= Greenwood–Hercowitz–Huffman preferences =

Functional form of utility

Greenwood–Hercowitz–Huffman preferences are a particular functional form of utility developed by Jeremy Greenwood, Zvi Hercowitz, and Gregory Huffman, in their 1988 paper Investment, Capacity Utilization, and the Real Business Cycle. It describes the macroeconomic impact of technological changes that affect the productivity of new capital goods. The paper also introduced the notions of investment-specific technological progress and capacity utilization into modern macroeconomics.

GHH preferences have Gorman form.

Often macroeconomic models assume that agents' utility is additively separable in consumption and labor. I.e., frequently the period utility function is something like

$u(c,l) = \frac{c^{1-\gamma}}{1-\gamma}- \psi \frac{l^{1+\theta}}{1+\theta}$

where $c$ is consumption and $l$ is labor (e.g., hours worked). Note that this is separable in that the utility (loss) from working does not directly affect the utility (gain or loss) from consumption, i.e. the cross-derivative of utility with respect to consumption and labor is 0.

GHH preferences might instead have a form like:

$u(c,l) = \frac{1}{1-\gamma}\left(c - \psi \frac{l^{1+\theta}}{1+\theta} \right)^{1-\gamma}$

where now consumption and labor are not additively separable in the same way. For an agent with this utility function, the amount she/he works will actually affect the amount of utility she/he receives from consumption, i.e. the cross-derivative of utility with respect to consumption and labor is unequal to 0.

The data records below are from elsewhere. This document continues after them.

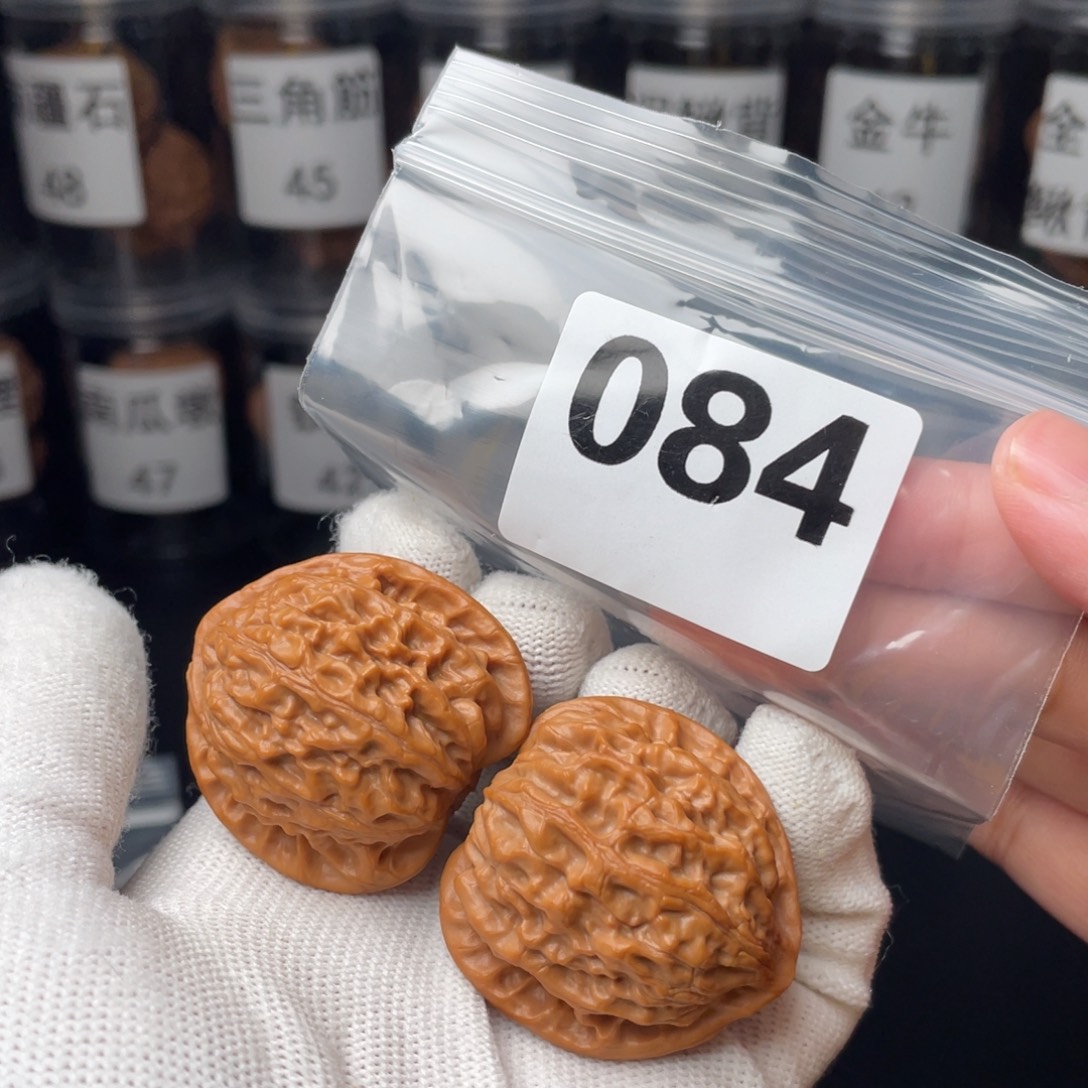 文玩核桃把件38金牛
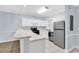 Bright kitchen features white cabinets, stainless steel appliances, and tile flooring at 4878 Dahlia Ct. # 104, Myrtle Beach, SC 29577
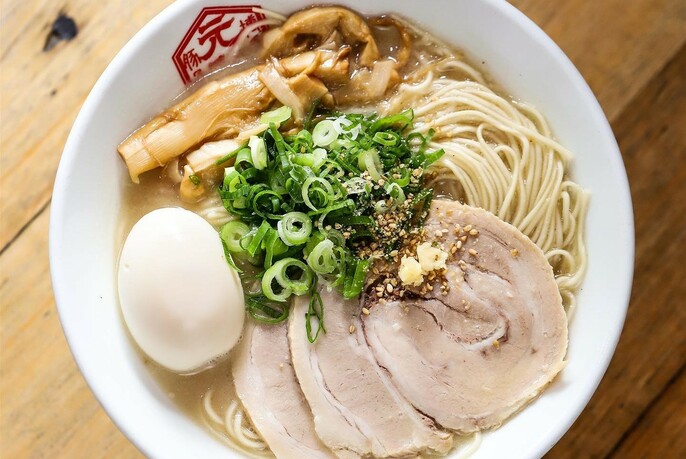 White bowl of meat, noodles and egg.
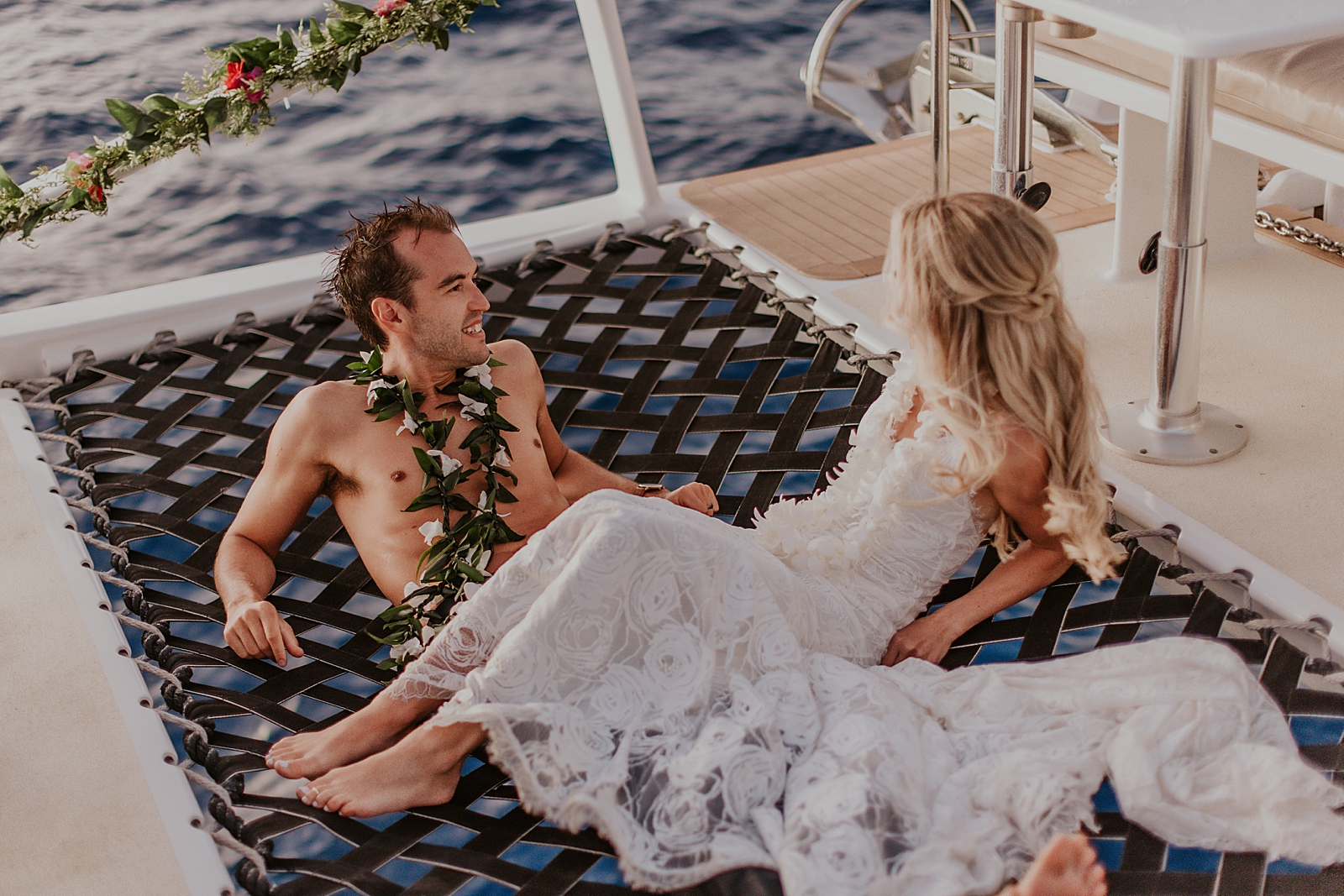 Bride and Groom laying together on canopy floor of the boat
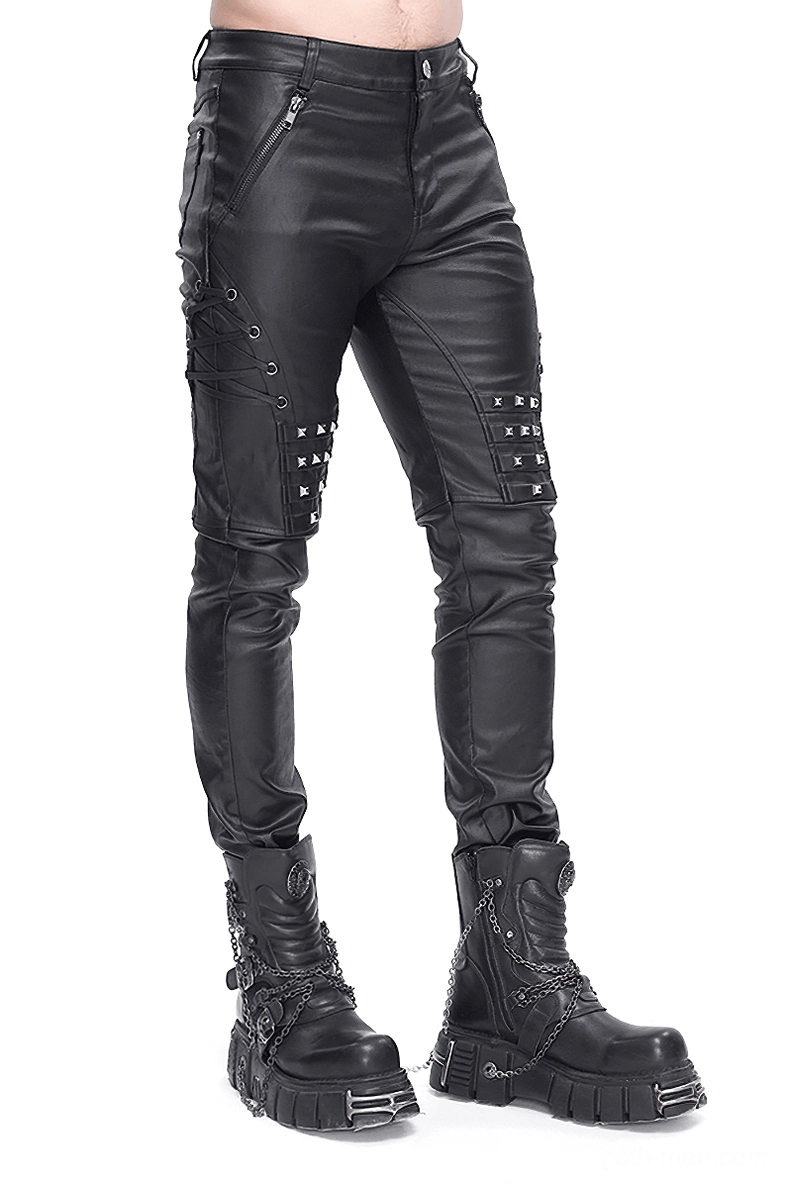 Men's black leather gothic biker pants with studded knee panels and metal accents, front three-quarter view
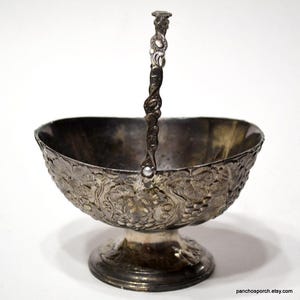 May include: A silver sugar bowl with a handle and an ornate floral design. The bowl is on a pedestal base.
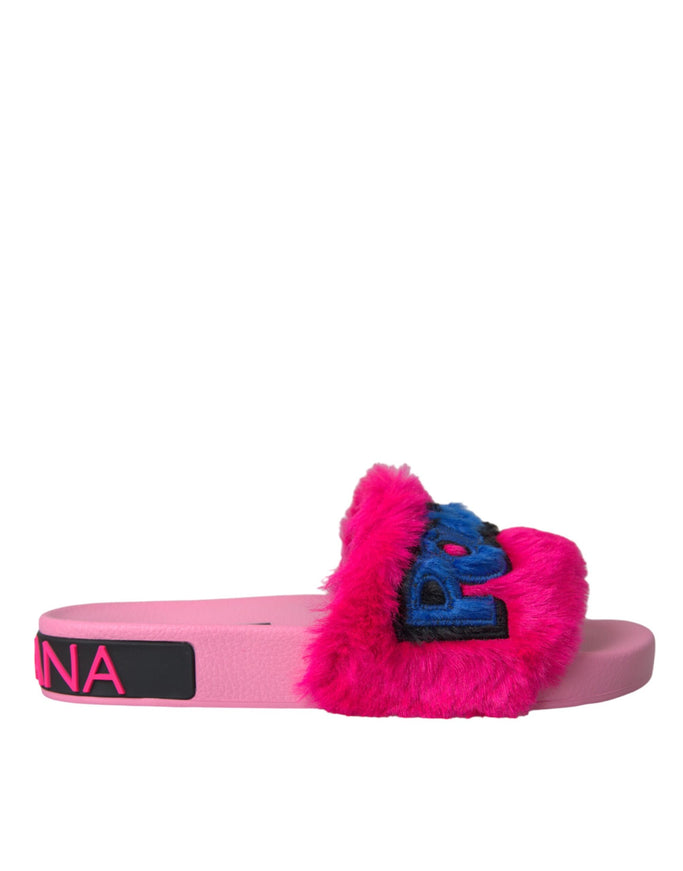 a pink and blue furry slipper with a logo on it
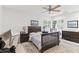 Cozy bedroom featuring a ceiling fan and a well-lit view of the outdoors at 5051 E Lafayette Blvd, Phoenix, AZ 85018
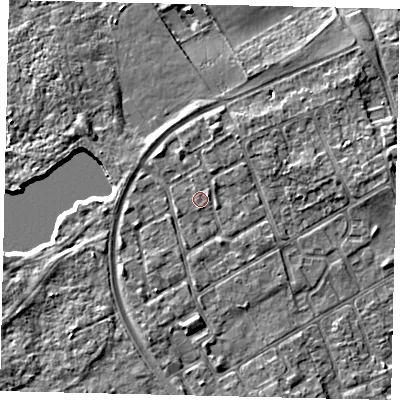 Shaded relief map of the ground around TW107SP, computed from Environment Agency LiDAR. The ground here sits at about 8 m above sea level and falls 5 m across the surrounding 800 m. Surface water reaching this point runs off ground lying to the north-north-east, 1.4 m higher.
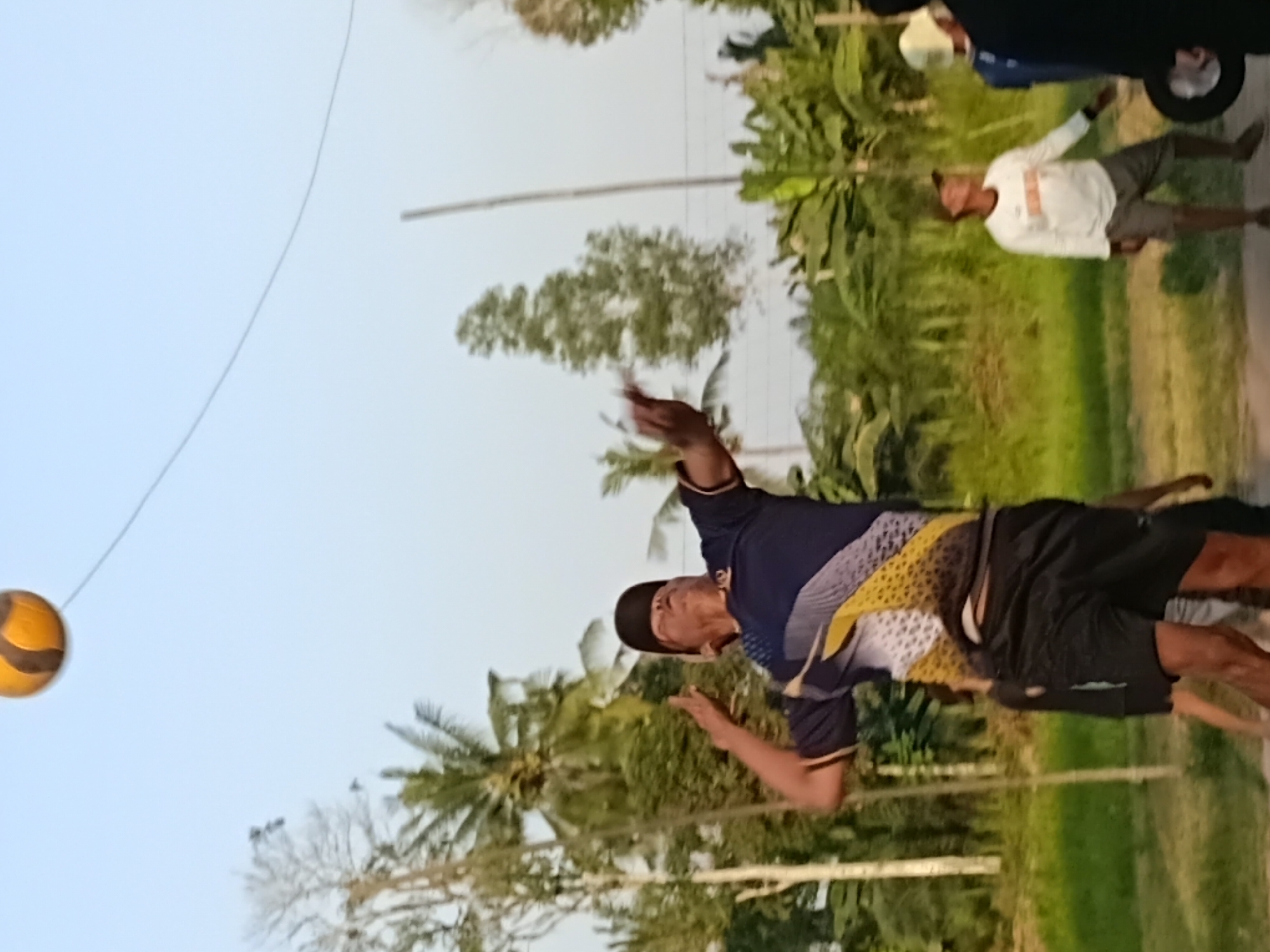 In Margo Rukun, Indonesia, an outdoor volleyball game is in progress. The central focus is a man mid-jump, about to hit a volleyball. He is wearing a dark blue t-shirt with a yellow and white patterned design on the front and black shorts. A dark baseball cap is on his head. In the background, other individuals are visible, including one person in a white long-sleeved shirt and another in a blue shirt. The environment suggests a rural setting with numerous palm trees and dense foliage indicating a tropical climate. The sky is clear and pale blue.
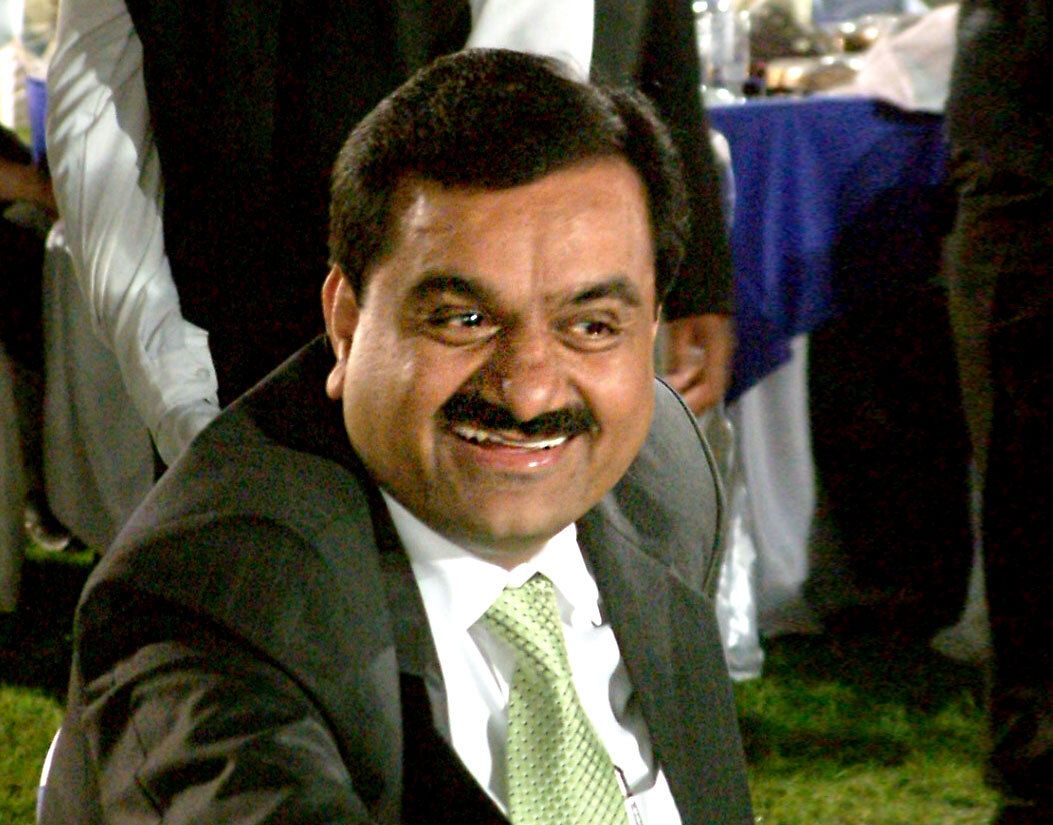Gautam Adani seated at a function.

More generally, the preferences are of the form

$u(c,l) = U\left(c - G(l)\right), U'>0, U<0, G'>0, G>0.$

The first order condition of $u(c,l)$ with respect $l$ is given by

$U'\left(c - G(l)\right)\left(\frac{dc}{dl} - G'(l) \right) = 0$

which implies

$\frac{dc}{dl} = G'(l).$

As $dc/dl$ is typically just a wage $w$, this means the labor choice $l$ is a function of only the wage and has a closed form with $l = G'^{-1}(w)$. As a result, the preferences are exceptionally convenient to work with. Moreover, as the marginal rate of substitution is independent of consumption and only depends on the real wage, there is no wealth effect on the labor supply. Using preference without a wealth effect on the labor supply might help to explain the aggregate economic behavior following news shocks,
and government spending shocks. Their use is also very common in open macro studies.

==Generalization: Jaimovich–Rebelo preferences==
GHH preferences are not consistent with a balanced growth path. Jaimovich and Rebelo proposed a preference specification that allows scaling the short-run wealth effect on the labor supply. The two polar cases are the standard King–Plosser–Rebelo preferences and the GHH-preferences.